In his book Goliath Must Fall, Louie Giglio writes about the giant of comfort. The usual suspects are oppressive ogres like fear and rejection. But the enemy will use anything in his arsenal to bluster you back from the battlefield… or to lure you to lounge in the comforts of camp.
The unnamed giant in 1 Samuel 17 is the giant of comfort. Goliath was the scary giant that pushed soldiers to shrink back from battle. Comfort was the subtle giant that whispered to them to stay in the security of the camp.
Jesse’s three oldest sons were in uniform for the army of Israel. He sent his youngest son David to deliver provisions for his brothers and bring back word on their condition. David had been feeding the sheep back on the farm, but dutifully headed to the battlefield. David’s mission was clear: leave the groceries and pick up the news. But David was diverted by an overriding concern.
There was a status quo when David arrived in camp that day.
For at least 40 days, the three oldest brothers had been camped out against the Philistines, but it seems that there had been no battle. Twice a day for six weeks, Goliath had come out to curse and challenge the Israelites to send somebody to fight him. But nobody wanted to go out and face him.
Here’s what we know:
1) David was taking care of things back home (v. 15).
2) David was bringing groceries from home (v. 17).
I’m not downplaying the facts that Goliath was huge, or that the brothers had taken up arms for their country. But the brothers didn’t have to worry about the sheep, because David had been shepherding in their absence.
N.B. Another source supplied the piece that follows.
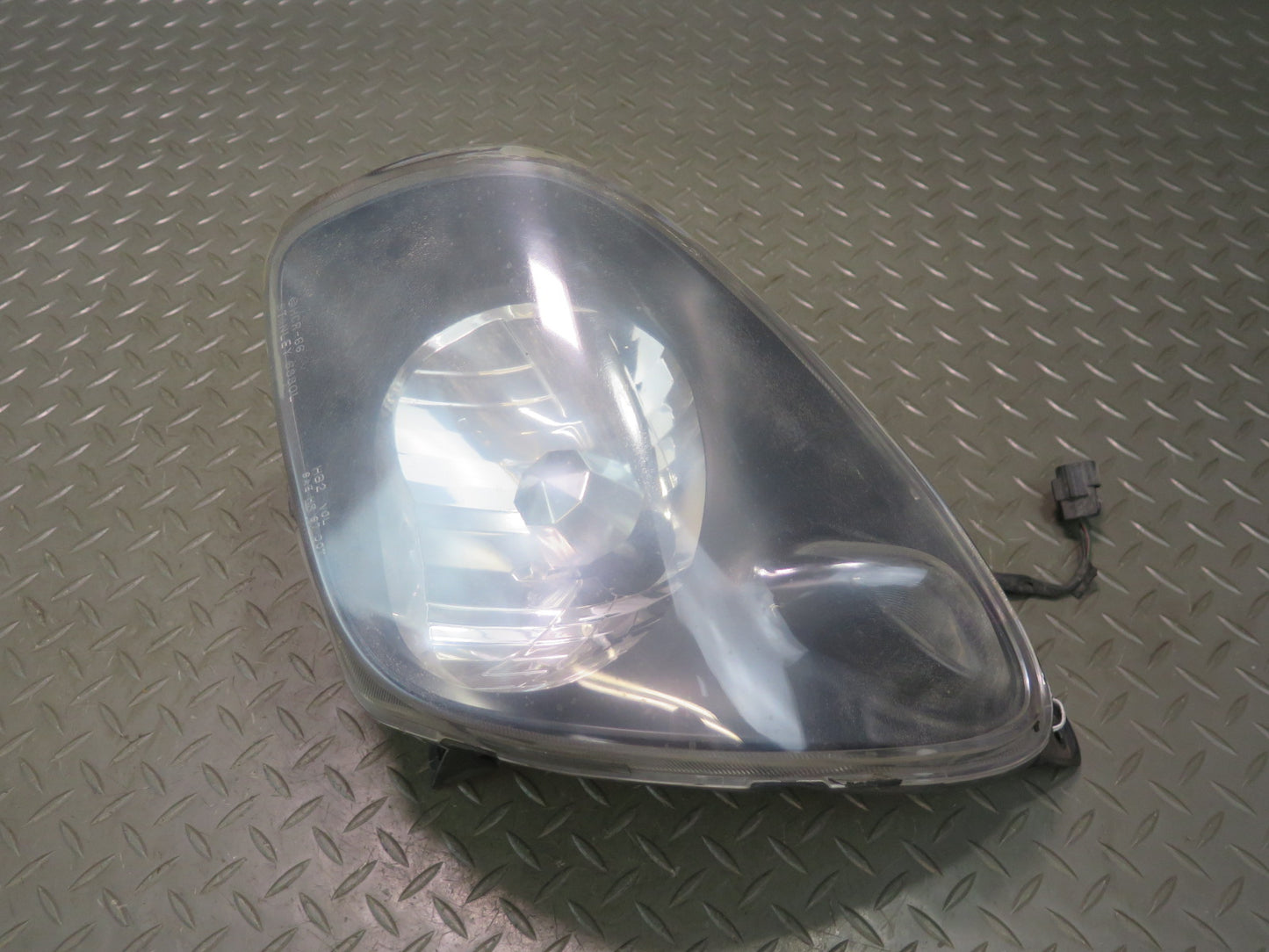 99-01 Isuzu Vehicross Front Left Driver Side Headlight Lamp OEM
They didn’t have to worry about hunger, because David arrived with groceries. Nor had they been fighting the giant, but David is about to handle that.
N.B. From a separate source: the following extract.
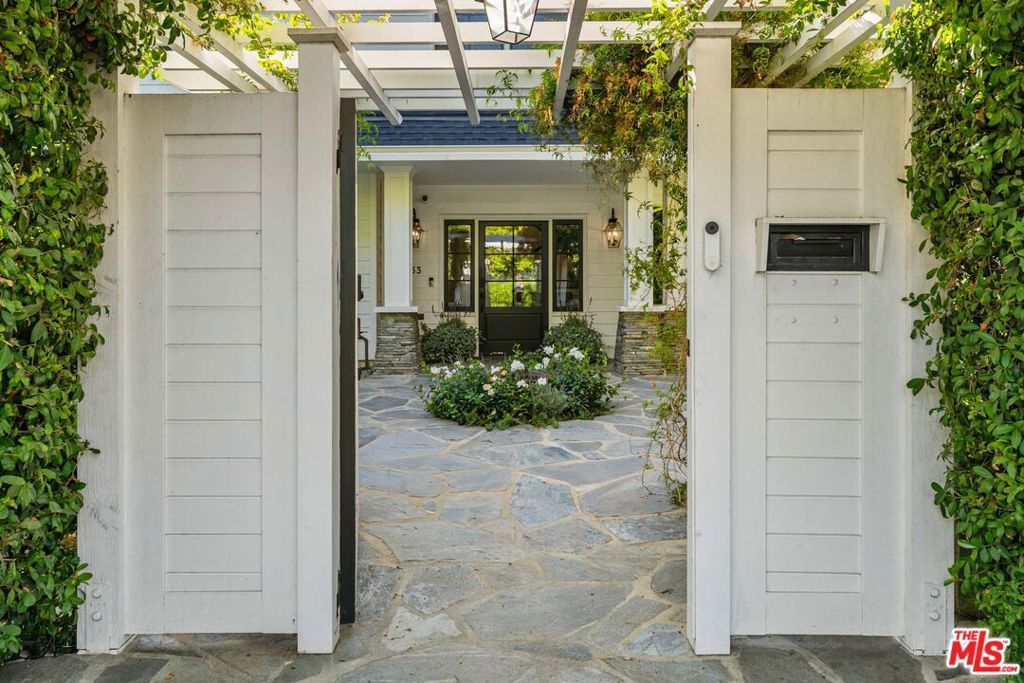 Photo of 233 S Saltair Avenue, Los Angeles, CA 90049 (MLS # 25570745)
There’s a really good, accurate term to describe what the older brothers are doing when David arrives: it’s called camping. They are in uniform, exempted from the drudgery of the farm, but they aren’t actually fighting. Goliath was the scary giant keeping the status quo, but comfort was the subtle giant helping the scary giant.
This status quo could have gone on indefinitely, as long as David kept feeding the sheep at home and feeding the brothers on the battlefield. The problem was the blasphemous giant, and David didn’t have the same reasons as the brothers to avoid the fight.
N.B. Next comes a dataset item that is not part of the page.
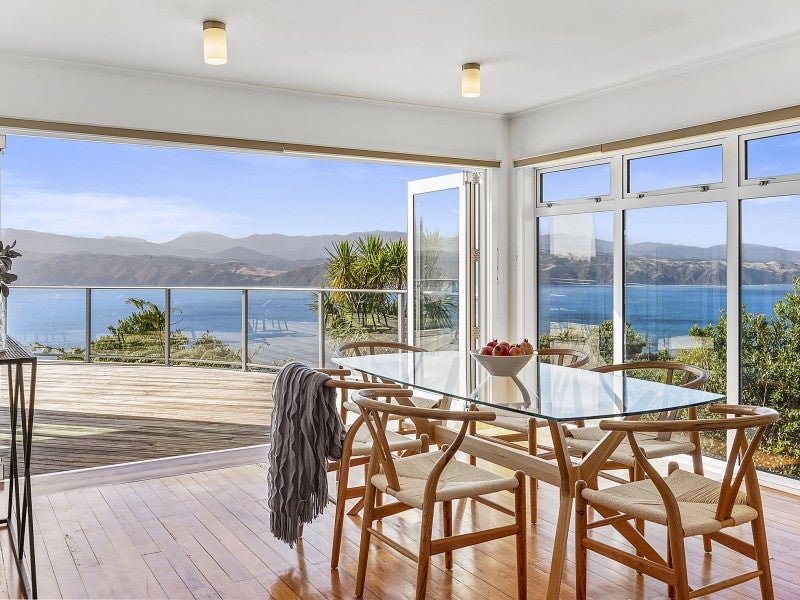 178 Nevay Road, Karaka Bays, Wellington - Carousel 1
David wasn’t intimidated, because he had a proven record of killing scary stuff.
David wasn’t enticed by the comfortable status quo, because he had been working overtime to feed the sheep and his sheepish brothers. Most importantly, David sensed a divine mandate to face the giant.
This scary giant didn’t scare him, and this subtle giant didn’t seduce him.
As Giglio points out, we want to be David in this narrative. But in reality, we are the scared, complacent brothers. It’s fun to be on the team when you get to wear the jersey, eat the pregame meal, and go to the pep rally… especially if you’re not worried about getting hurt in the actual game. The brothers could camp for another day or another month, as long as their little brother showed up with more groceries.
In four minutes, David handled what they hadn’t handled in 40 days. Jesus is the liberating hero depicted in the bravery of David. His divine mandate freed the cowardly, complacent brothers to live in victory over the taunts of the giant. Jesus conquered sin and the grave, satisfying God’s requirements and stifling the taunts of our enemy.
When was the last time that you embraced the power of that divine victory and left the comfort of the status quo?